Problem requirements:
As output, give the exact lines from the one containing "Ekru Taşlı Işlemeli" through the end of the listing below, both included, without the pictures.

Given material:
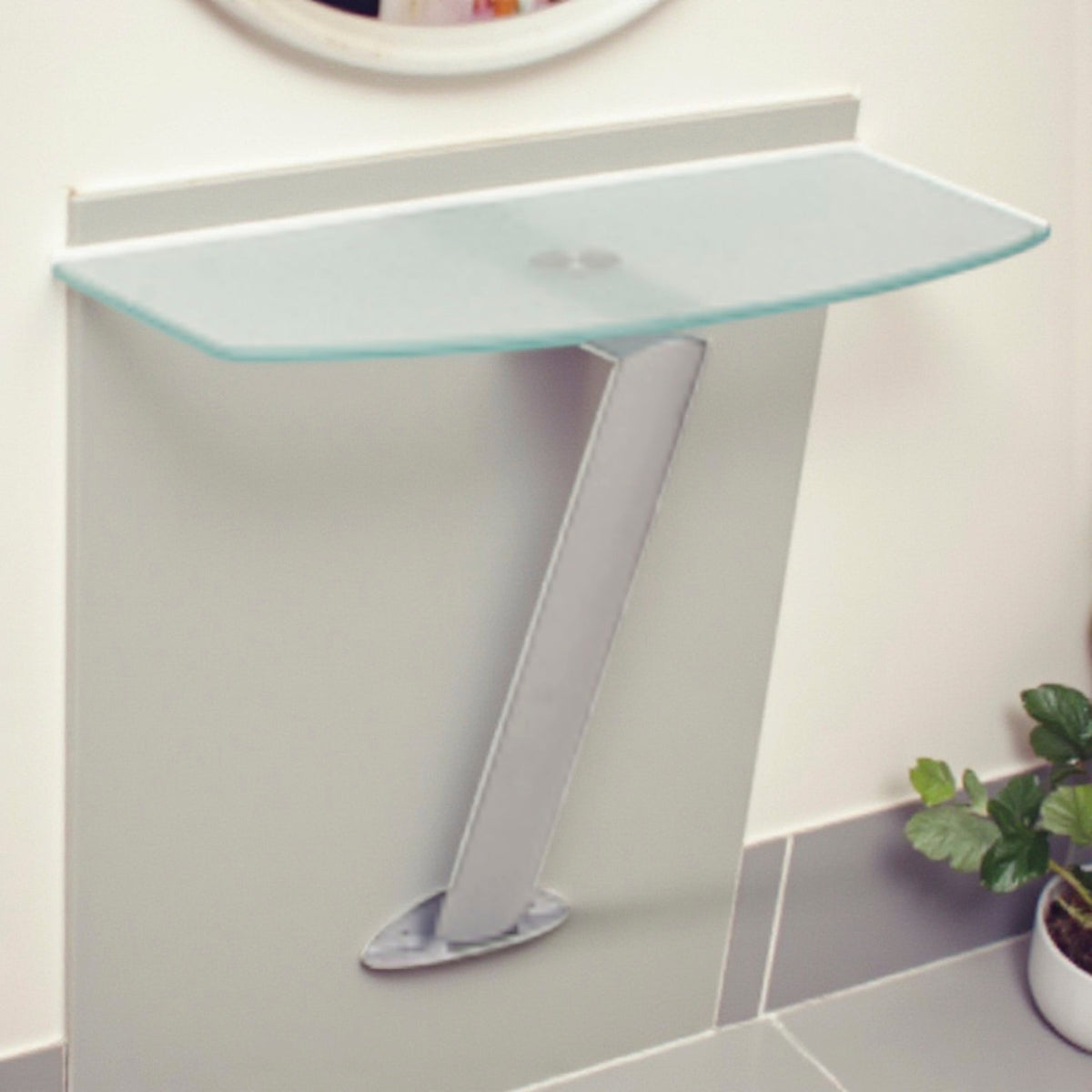 HAKU Möbel Wandkonsole aus Metall mit Glas in Grau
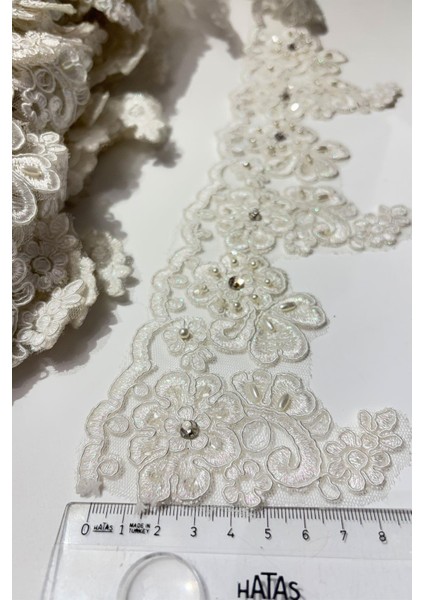 Ekru Taşlı Işlemeli Kenar Fransız Danteli Güpür modelleri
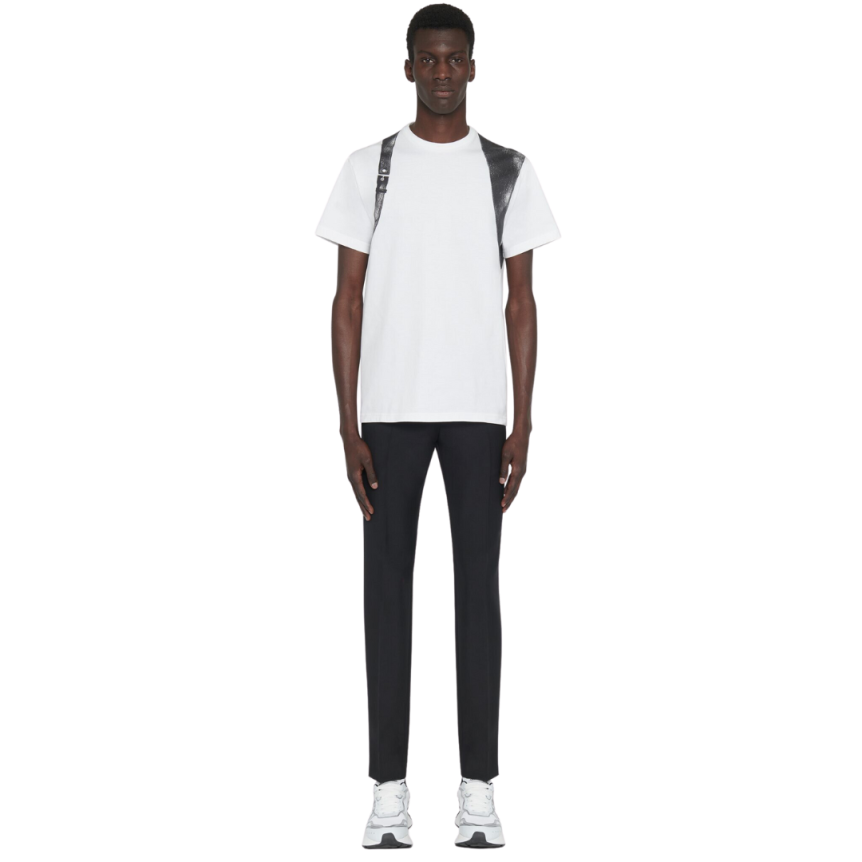 T-shirt ALEXANDER MCQUEEN Harness jersey coton blanc harnais noir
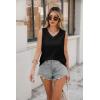 Zeagoo Women Eyelet Tank Tops Sleeveless Shirts V Neck Cute Summer Top Loose Fit Camisole S-XXL(Black)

Answer to this exercise:
 Ekru Taşlı Işlemeli Kenar Fransız Danteli Güpür modelleri
 T-shirt ALEXANDER MCQUEEN Harness jersey coton blanc harnais noir
 Zeagoo Women Eyelet Tank Tops Sleeveless Shirts V Neck Cute Summer Top Loose Fit Camisole S-XXL(Black)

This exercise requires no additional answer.